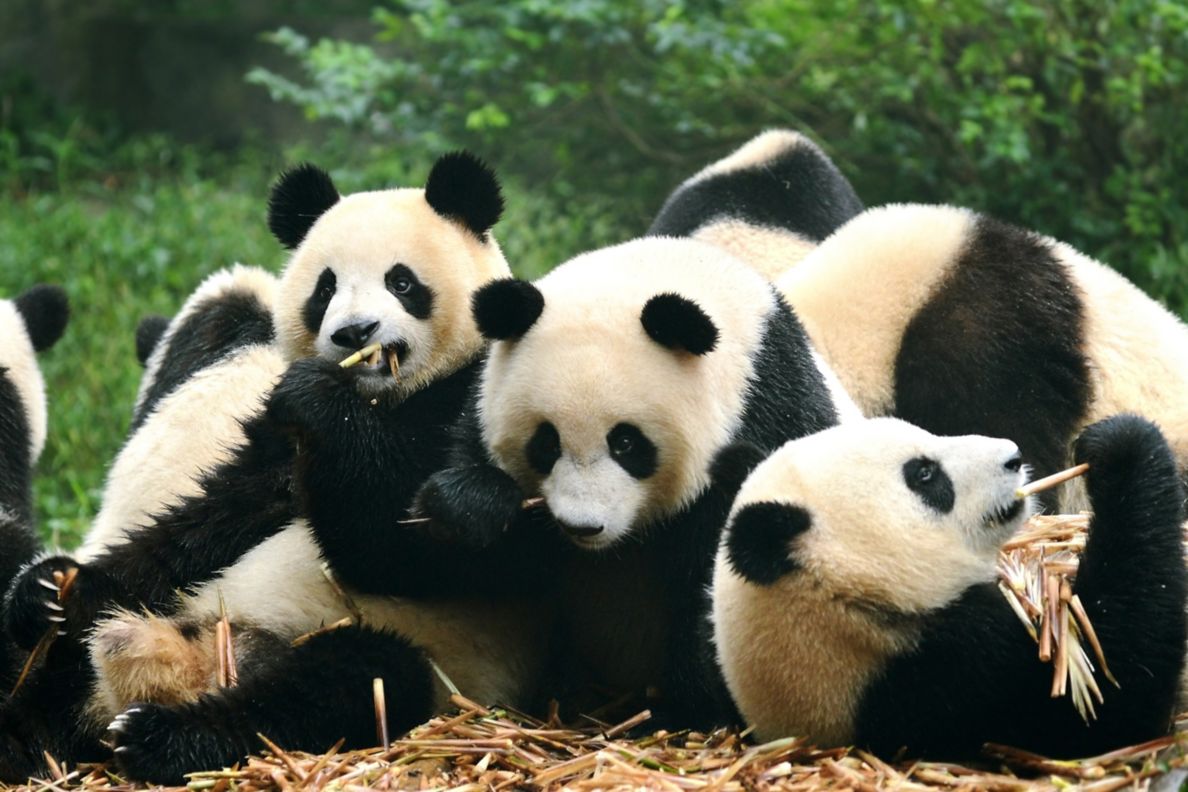 A group of pandas eating.
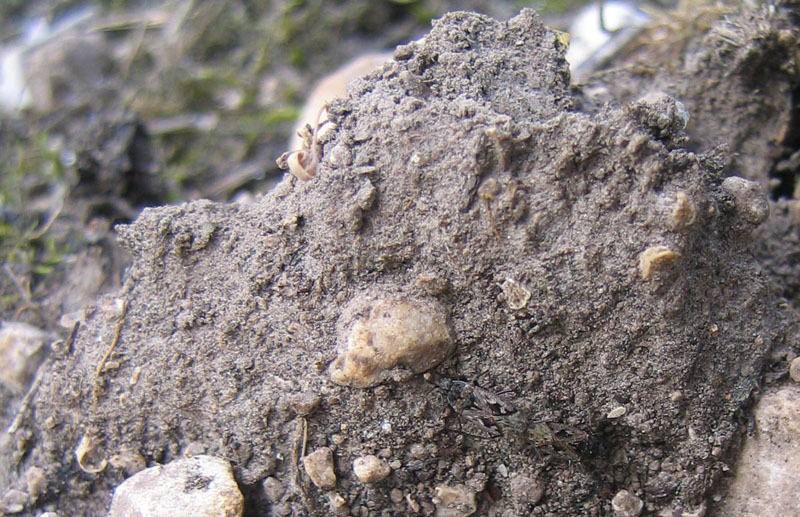 Lygaeidae. È più difficile determinarli... o vederli ?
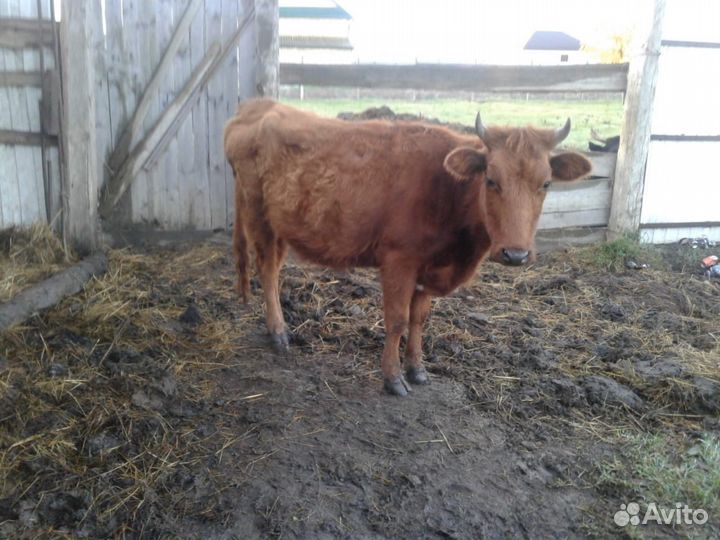 Корова дойная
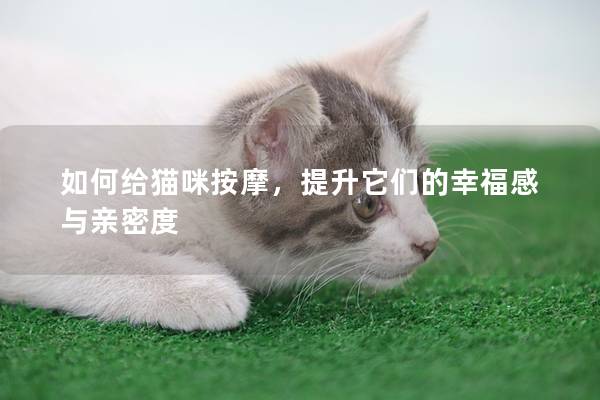 如何給貓咪按摩，提升它們的幸福感與親密度
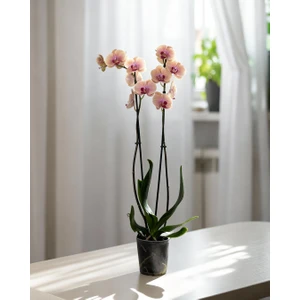 Mercan Renkli Orkide – Phalaenopsis – Çift Dal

- [To do] Pictures stay out; the entries above are to be output exactly as given.

- [Answer section]
 A group of pandas eating.
 Lygaeidae. È più difficile determinarli... o vederli ?
 Корова дойная
 如何給貓咪按摩，提升它們的幸福感與親密度
 Mercan Renkli Orkide – Phalaenopsis – Çift Dal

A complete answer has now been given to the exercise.